McManus sued MFCI, MCI, and API, alleging that he was tortiously discharged and his contractual relations with API were intentionally interfered with. MFCI, MCI, and API filed a motion to dismiss McManus's claims for a failure to state a claim, which the district court granted. McManus now appeals. The issue on appeal is whether the district court erred by dismissing McManus's tortious discharge claim. The district court correctly dismissed McManus's tortious discharge claim
McManus initially sued MFCI, MCI, and API in federal district court alleging a federal retaliation claim and related state law claims. McManus v. McManus Fin. Consultants, Inc., No. 3:11-CV-00134-LRH-VPC, 2012 WL 937812, at *2 (D. Nev. Mar. 19, 2012), aff'd, 552 F. App'x 713, 714-15 (9th Cir. 2014). The federal district court dismissed his claims and declined to take supplemental jurisdiction over his state law claims. Id. at *4.
McManus waived the issue of the dismissal of his intentional interference with contractual relations claim by not raising it in his opening brief. Powell v. Liberty Mut. Fire Ins. Co., 127 Nev. ___, ___ n.3, 252 P.3d 668, 672 n.3 (2011) ("Issues not raised in an appellant's opening brief are deemed waived.").
In our de novo review of the district court's order dismissing a claim, "[we] will recognize all factual allegations in [a plaintiff's] complaint as true and draw all inferences in its favor." Buzz Stew, LLC v. City of N. Las Vegas, 124 Nev. 224, 228, 181 P.3d 670, 672 (2008).
"[A]ll employees in Nevada are presumptively at-will employees" and their "employment can be terminated without liability by either the employer or the employee at any time and for any reason or no reason" unless the termination violates "strong public policy." Martin v. Sears, Roebuck & Co., 111 Nev. 923, 926-27, 899 P.2d 551, 553-54 (1995). "Terminating an employee for reasons which violate public policy gives rise to an action for tortious discharge." Wayment v. Holmes, 112 Nev. 232, 236, 912 P.2d 816, 818 (1996). Nevada recognizes two strong public policies limiting an employer's ability to terminate an employee that are relevant here: (1) protecting an employee who reports illegal activity to outside authorities, Wiltsie v. Baby Grand Corp., 105 Nev. 291, 293, 774 P.2d 432, 433 (1989), and (2) protecting an employee who refuses to participate in conduct the employee reasonably believes is illegal. Allum v. Valley Bank of Nev., 114 Nev. 1313, 1323-24, 970 P.2d 1062, 1068 (1998).
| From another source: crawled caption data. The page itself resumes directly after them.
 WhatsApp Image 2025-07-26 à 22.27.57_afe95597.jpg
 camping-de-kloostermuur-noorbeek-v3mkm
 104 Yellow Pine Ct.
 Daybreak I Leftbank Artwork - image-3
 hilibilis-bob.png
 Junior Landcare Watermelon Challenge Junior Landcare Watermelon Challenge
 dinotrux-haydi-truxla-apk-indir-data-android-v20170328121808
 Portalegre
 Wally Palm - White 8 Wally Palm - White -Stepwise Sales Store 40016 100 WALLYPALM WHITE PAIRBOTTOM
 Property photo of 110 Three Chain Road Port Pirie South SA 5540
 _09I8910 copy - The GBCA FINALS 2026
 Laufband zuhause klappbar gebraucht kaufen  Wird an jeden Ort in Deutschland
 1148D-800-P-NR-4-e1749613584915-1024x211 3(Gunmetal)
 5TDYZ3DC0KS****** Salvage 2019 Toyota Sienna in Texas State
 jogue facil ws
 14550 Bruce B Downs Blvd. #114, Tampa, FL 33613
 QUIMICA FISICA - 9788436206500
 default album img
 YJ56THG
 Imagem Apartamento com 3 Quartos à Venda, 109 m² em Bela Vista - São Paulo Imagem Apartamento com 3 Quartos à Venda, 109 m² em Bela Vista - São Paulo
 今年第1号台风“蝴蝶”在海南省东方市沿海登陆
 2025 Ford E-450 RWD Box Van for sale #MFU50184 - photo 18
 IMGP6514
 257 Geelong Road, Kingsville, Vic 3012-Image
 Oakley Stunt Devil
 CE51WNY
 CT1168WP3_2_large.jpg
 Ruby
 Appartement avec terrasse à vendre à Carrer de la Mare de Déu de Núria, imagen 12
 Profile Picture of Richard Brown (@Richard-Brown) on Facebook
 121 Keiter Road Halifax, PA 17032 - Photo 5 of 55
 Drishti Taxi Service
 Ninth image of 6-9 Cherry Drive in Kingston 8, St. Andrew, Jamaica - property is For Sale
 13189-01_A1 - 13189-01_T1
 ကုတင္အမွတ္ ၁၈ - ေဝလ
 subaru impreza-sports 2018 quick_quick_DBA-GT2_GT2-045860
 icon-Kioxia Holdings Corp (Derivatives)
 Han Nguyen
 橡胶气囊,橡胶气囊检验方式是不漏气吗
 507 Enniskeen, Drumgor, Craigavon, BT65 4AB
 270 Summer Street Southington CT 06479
McManus failed to state a claim of tortious discharge for reporting illegal conduct to outside authorities
McManus argues that because he reported the purportedly illegal transaction to API's CEO, the chairman of its board, and its outside legal counsel, he engaged in protected conduct.
McManus's argument that this court should overrule Wiltsie and protect internal reporting is without merit because McManus fails to present a compelling reason for his proposed change in law. See Miller v. Burk, 124 Nev. 579, 597, 188 P.3d 1112, 1124 (2008) (holding that this court will not overrule precedent absent a compelling reason to do so).
Nevada recognizes a strong public policy protecting an employee who reports illegal conduct to outside authorities. Wiltsie, 105 Nev. at 293, 774 P.2d at 433. However, this policy does not protect internal reporting, as internal reporting serves an employer's private interests and not a public purpose. Id.
Here, McManus alleged that he reported the suspected illegal activity to three persons or entities: API's CEO, the chairman of its board, and its outside legal counsel. Because the CEO and the chairman were part of API, McManus's alleged reporting to them was unprotected internal reporting. See id. at 293, 774 P.2d at 433-34.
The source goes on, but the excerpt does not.